Jew and Cardinal Both

Made as a film for the French-German television network, Arté, “The Jewish Cardinal,” screening January 20 at the New York Jewish Film Festival, nevertheless has the scope and sobriety of a feature film.

Without much of the bloat of the standard biopic, its focus is the period of French prelate Jean-Marie Aron Lustiger’s elevation through Church ranks, from being named Archbishop of Orléans in 1979, to his elevation as Archbishop of Paris in 1981 and Cardinal in 1983, all under the guidance of the new Polish Pope, Jean Paul II. But the screenplay, co-written by director Ilan Duran Cohen and Chantal Derudder, has more than career chronology on its mind.

Lustiger was born a French Jew of Polish immigrant stock, willingly converted to Christianity in the shelter of a Christian family during the war, and was quoted at the time of his elevation to Archbishop: “I was born Jewish, and so I remain, even if that is unacceptable for many. For me, the vocation of Israel is bringing light to the goyim. That is my hope and I believe that Christianity is the means for achieving it.”

Duran Cohen and Derudder attempt the difficult task of presenting both the emotional toll his conversion had on his family — for this rely on several familial scenes and flashbacks — and the philosophical conundrum of maintaining a dual identity as Christian and Jew, relying here on several encounters with members of the Church hierarchy and the French Jewish community.

Lustiger’s refugee father never reconciled with his son’s conversion.

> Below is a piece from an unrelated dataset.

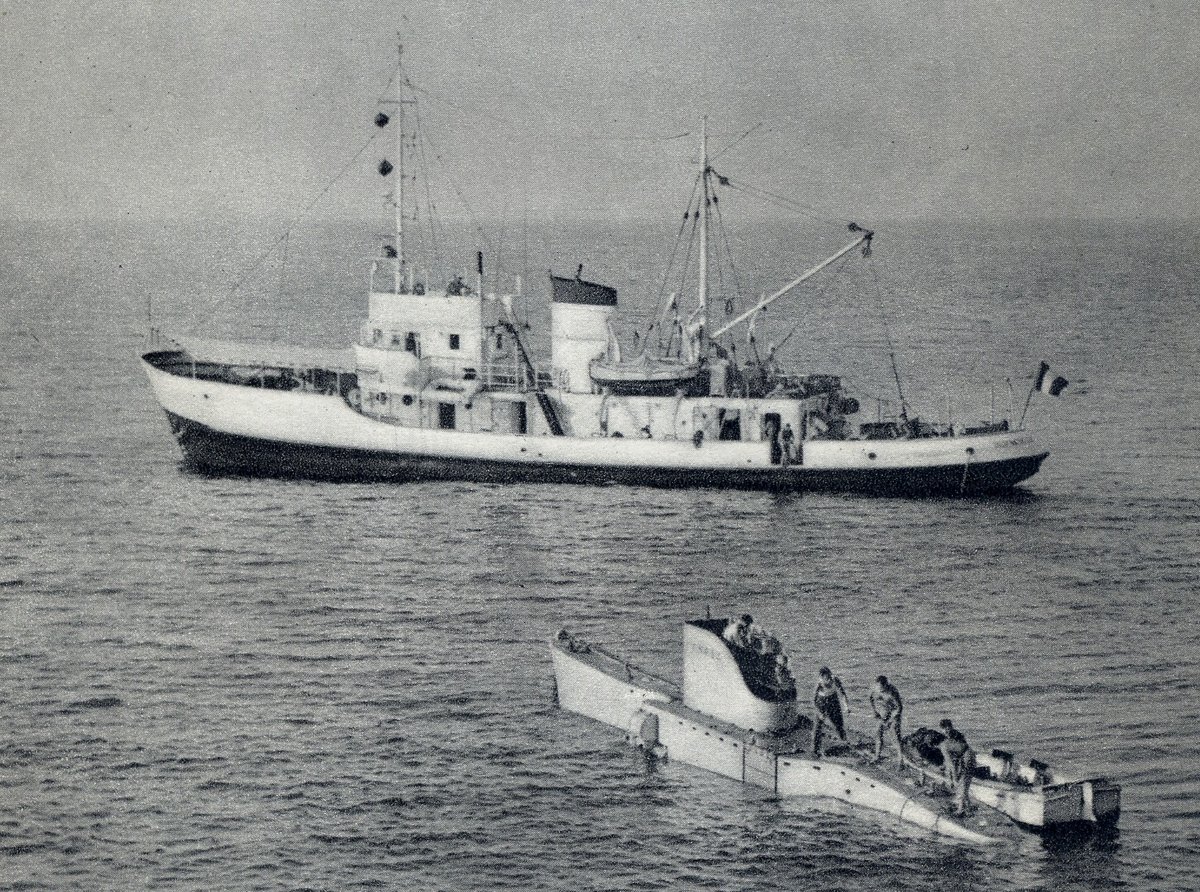 Aviso Elie Monnier and FNRS3 ship at sea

While he was hardly a practicing Jew, the loss of his wife Gisèle — Aron’s mother — at Auschwitz, left him embittered. In the film, his son’s Catholicism is taken as repudiation, although the junior Lustiger denies any such motive. Within some Church circles, Jean-Marie’s avowed Jewish identity creates suspicion, and among the French Jewish communal hierarchy, suspicion and wariness are compounded by Lustiger’s seeming to want it both ways.

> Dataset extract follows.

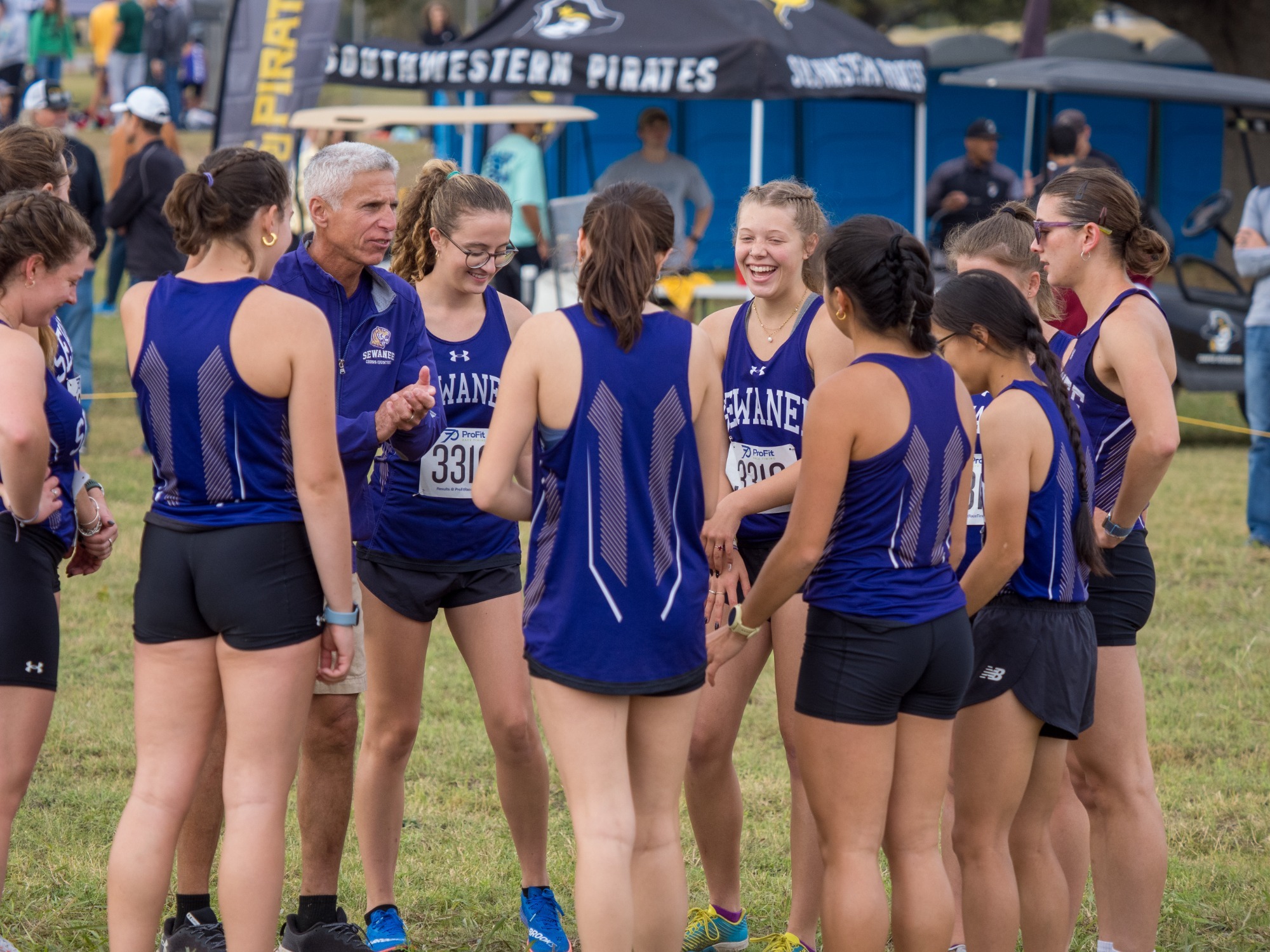 women's xc group photo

The story builds momentum as a portrait of a dynamic spiritual leader who, while bearing dual allegiances, rises through Church ranks with speed. Always aware of the symbolic function he plays in reconciling Christians and Jews, Lustiger is also committed to modernizing Christian outreach in a France whose Catholic institutions seem dated, if not moribund. Laurent Lucas gives a thoughtful, powerful performance as the impatient, sometimes truculent Lustiger, a prelate whose earliest nickname was “the bulldozer.” As Pope John-Paul II, Aurélien Recoing creates a wily character portrait, imbuing the man with both personal charm and a skillful sense of real-politik.

Indeed, as the film gathers force, examining the familial tensions and professional conflicts of Lustiger’s life, the narrative also deftly moves toward its dramatic third act. For in the controversy of the Carmelite nuns intent on building a convent at Auschwitz despite desecrating a site unique to the Shoah, Lustiger’s behind-the-scenes role as negotiator — and his own moment of personal revelation — is handled with rare balance, sense, and suitable passion. Here we see John-Paul II as a reluctant figure, pulled into a controversy he prefers to understand through the lens of the impending Communist downfall, rather than for its immediate threat to worldwide Christian-Jewish relations.

Lustiger, on the other hand, by his own eyewitness at Auschwitz, comes to understand his father’s embittered attitude toward the Poles. There at the camp, he observes a measure of administrative indifference and laziness — the refusal of the Poles to properly reckon with their past — that has brought this particular interfaith crisis to a head. Though fortunate in the almost filial relationship he has with the Pope, Lustiger verbally jousts with his Papal superior and mentor over the Carmelite matter. Scenes of these strong-minded men together provide the two fine actors a chance to delve deep into their characters’ alternative understanding of the divide between Catholics and Jews.

Duran Cohen has admitted to freely expanding upon the known facts. Obviously, no one could confirm the private conversations between John-Paul II and Lustiger. But from the vantage of the film’s inquiry into a man’s struggle with his dual religious identities, and in the respect the film accords the philosophical debates of its characters, “The Jewish Cardinal” is both emotionally rich and intellectually satisfying.